您必须记住,HEAD只是web服务器的一个建议。为了做正确的事情,它经常需要管理员的一些明确的努力。如果你是一个静态文件Apache(或者你的webserver是什么),通常会在做正确的事情。如果您负责一个动态页面,大多数设置的默认设置是执行GET路径,收集所有的结果,然后在没有内容的情况下返回头。如果该应用程序位于一个3(或更多)层的设置中,那么这个调用可能会非常昂贵,并且不需要一个头上下文。例如,在Java servlet中,默认的doHead()只调用doGet()。为了对应用程序做一些更聪明的事情,开发人员必须显式地实现doHead()(而且通常不会这样做)。

I encountered an app from a fortune 100 company that is used for downloading several hundred megabytes of pricing information. We'd check for updates to that data by executing HEAD requests fairly regularly until the modified date changed. It turns out that this request would actually make back end calls to generate this list every time we made the request which involved gigabytes of data on their back end and xfer it between several internal servers. They weren't terribly happy with us but once we explained the use case they quickly came up with an alternate solution. If they had implemented HEAD, rather than relying on their web server to fake it, it would not have been an issue.

我遇到了一个来自财富100强公司的应用程序,它被用来下载几百兆的价格信息。我们会定期执行HEAD请求来检查该数据的更新,直到修改日期发生变化。事实证明,每当我们提出请求时,这个请求实际上会返回到生成这个列表的调用,这个请求涉及到它们的后端上的千兆字节的数据,并在几个内部服务器之间进行xfer。他们对我们不是很满意,但是一旦我们解释了用例,他们很快就想出了另一个解决方案。如果他们已经实现了HEAD,而不是依靠他们的web服务器来伪造它,那么这将不会是一个问题。

#3


3  

I used the below function to find out the redirected URL.

我使用下面的函数来查找重定向的URL。

$head = get_headers($url, 1);

The second argument makes it return an array with keys. For e.g. the below will give the Location value.
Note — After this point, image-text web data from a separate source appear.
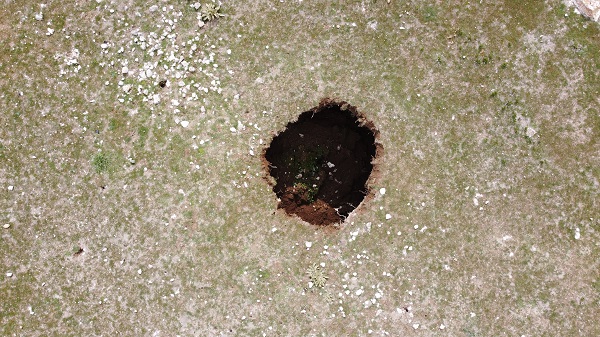 Foto - Vatandaşlar tedirgin! O ilimizde obruk oluştu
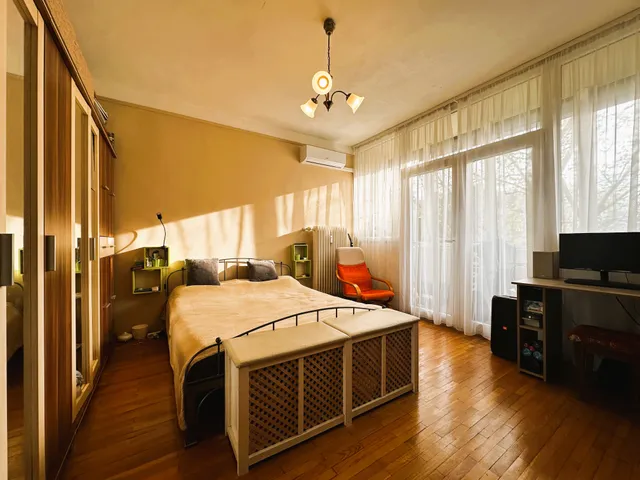 Eladó lakás Pécs, Uránváros 54 nm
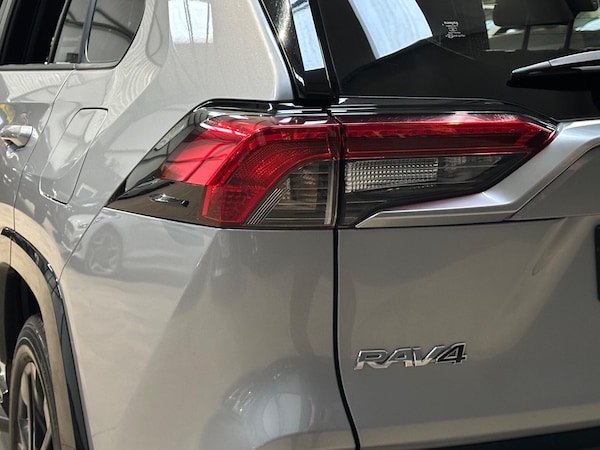 Used Toyota RAV4 2021 for sale - 76215317: Photo 37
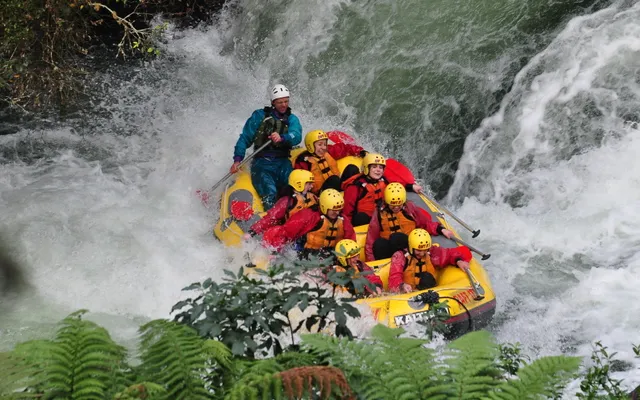 4. New Zealand rafting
第二个参数使它返回带有键的数组。例如下面将给出位置值。

$head["Location"]

http://php.net/manual/en/function.get-headers.php

http://php.net/manual/en/function.get-headers.php

#4


2  

If my memory doesn't fails me doing a HEAD request in CURL changes the HTTP protocol version to 1.0 (which is slow and probably the guilty part here) try changing that to:

如果我的内存没有失败,我在CURL中做一个HEAD请求将HTTP协议版本更改为1.0(这是缓慢的,很可能是这个错误的部分)尝试将其更改为:

$ch = curl_init();
curl_setopt ($ch, CURLOPT_RETURNTRANSFER, 1);
curl_setopt ($ch, CURLOPT_URL, $url);
curl_setopt ($ch, CURLOPT_CONNECTTIMEOUT, 20);
curl_setopt ($ch, CURLOPT_USERAGENT, $_SERVER['HTTP_USER_AGENT']);

// Only calling the head
curl_setopt($ch, CURLOPT_HEADER, true); // header will be at output
curl_setopt($ch, CURLOPT_CUSTOMREQUEST, 'HEAD'); // HTTP request is 'HEAD'
curl_setopt($ch, CURLOPT_HTTP_VERSION, CURL_HTTP_VERSION_1_1); // ADD THIS

$content = curl_exec ($ch);
curl_close ($ch);

#5


0  

This:

这样的:

curl_setopt($ch, CURLOPT_HTTP_VERSION, CURL_HTTP_VERSION_1_1);

I wasn't trying to get headers.
I was just trying to make the page load of some data not take 2 minutes similar to described above.
That magical little options has dropped it down to 2 seconds.

我并没有试图获取标题。我只是想让页面载入一些数据,而不是像上面描述的那样花费2分钟。这个神奇的小选择已经降到了2秒。